In 2013, the PUSD received a 751 score on California’s Academic Performance Index (API), down from 762 in 2012. API scores range from 200 to 1000, with 800 the targeted goal. Additionally PUSD received an “F” grade in a report card issued by State Sen. Carol Liu, which assessed the school’s performance in serving its low-income and minority students. Their overall grade of “D” was not much better.
When discussing the declining API scores, Gundry cited a decrease in district revenue as responsible for the poor scores.
Recently published compensation data for employees in California’s K-12 schools by TransparentCalifornia.com sheds light on this claim. The data reveals that Gundry earned substantially more than other superintendents in the area, despite overseeing a district with significantly lower performance marks. Further, the median compensation of the District’s teachers was rising, not falling, and remained consistent with the level of similar districts within Los Angeles County.

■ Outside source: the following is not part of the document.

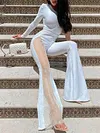 One-Shoulder Solid Color Split-Joint Mesh Long Sleeve Fashion Jumpsuit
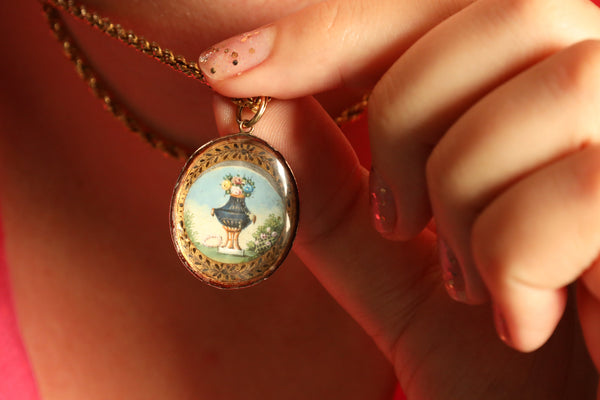 Antique French Verre Eglomise Miniature Locket Pendant, Collectible Jewelry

The payroll data reported by most schools does not distinguish between full and part-time employees. As such, this analysis considers teachers that received at least $25,000 in salary as full-time. The median compensation for a full-time teacher in PUSD in 2013 was $90,092, an approximately 2.7% increase from the 2012 median compensation of $87,226. At the same time he was bemoaning district funding levels, Gundry also saw a similar percentage increase in his compensation, which rose from $291,717 in 2012 to $301,081 in 2013.
Other districts though, produced greater student achievement with lower levels of teacher and administrator compensation:
Liu’s report card cited nearby Baldwin Park Unified as an example for PUSD to look to and with good reason. In addition to earning a “B” grade from Liu, the district received an API score of 768 for 2013. The median compensation for a full-time teacher in the district was $88,861 in 2013. The district’s superintendent, Mark Skvarna, received $254,990 in 2013, which was actually a modest decrease from his 2012 compensation.
In the West Covina Unified School District, the 2013 median compensation for a full-time teacher was $84,374, with the superintendent receiving $266,281. The district’s 2013 API score is an impressive 831. Neighboring Burbank Unified earned an API score of 847 in 2013, while also having one of the lowest superintendent compensation packages in Los Angeles County. The median compensation for full-time teachers in the district was $91,401 in 2013, with the superintendent receiving $238,425.
So why is the highly compensated superintendent of a failing school district receiving a promotion and pay increase?
The SCCOE’s press release announcing the hire contained platitudes about Gundry’s experience and management style, but failed to mention PUSD’s recent academic decline.
Understanding the actions of a school board requires looking at the system itself. Beneath the seemingly straightforward goal of educating children lie competing political interests. Groups including the powerful teachers union, administrators and the school board are all competing for political power, money and control. Unfortunately it’s only rarely that the public education system rewards these groups for their ability to educate children.
School administrators then are often selected for their political skills and ability to manage or placate competing interests, as much as or more than for their education skills.
Based on Gundry’s promotion to become SCCOE’s new superintendent, it’s obvious his political skills are well-tuned. California’s students deserve a system that promotes education-based achievements, not political ones.